David Bedford is among the first people in the world to have tasted a Honeycrisp apple.
He shepherded the champion apple to markets when he started at the University of Minnesota in the 1970s. And still remembers the taste.
"I was pretty new at the game then," Bedford said, regarding the apple's release in 1991. "I, frankly, wasn't sure what was going on."
Honeycrisp, the varietal developed in the U orchard a few miles southwest of Lake Minnetonka, ushered in a new, scrumptious age of apple crispness. In the before times, apples had flavor — but not like Honeycrisp's bite.
For a fruit market long suffering under mealy Red Delicious apples, Honeycrisp rocked apple taste expectations. The breed unleashed creativity and market demand for what an apple — and its myriad textures — could be.
Apple breeders are now tasked with solving a more serious crucible: an increasingly hot and dry climate.

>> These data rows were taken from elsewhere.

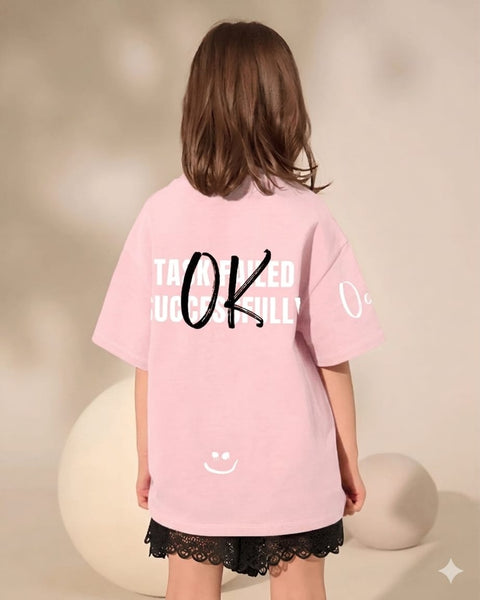 Successfully Girls Oversized SS T-Shirt - Pink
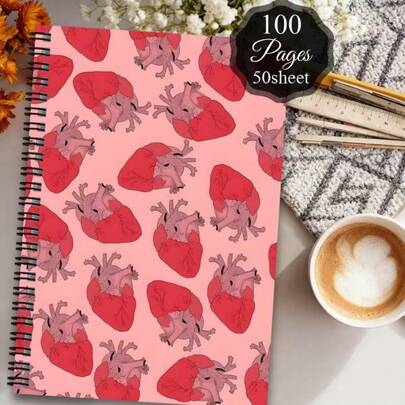 1 Piece Medical Anatomy Lab & Scientific Research Notebook, Spiral Bound Travel Journal, Medical Research Planner, Student Science Study Notes, Nurse Appreciation Gift, Doctor's Time Management Notebook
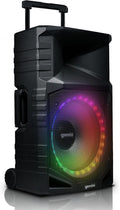 Gemini Sound Portable PA Speaker System with Bluetooth – 15" Woofer, All-Weather IPX4, 24Hr Battery, RGB LED Party Lights, Mic & Guitar Inputs, USB/FM Radio, Wireless Stereo Link (GXP-T1500)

Minnesota orchards — like other backyard gardeners and corn farmers in the North Star State — coaxed crops this fall after yet another summer of scant rainfall.
Currently, 82% of the state sits in drought, according to the U.S. Drought Monitor. Summer's hot temperatures spilled into fall, prompting officials to cancel this month's Twin Cities Marathon, a typical harbinger of autumn.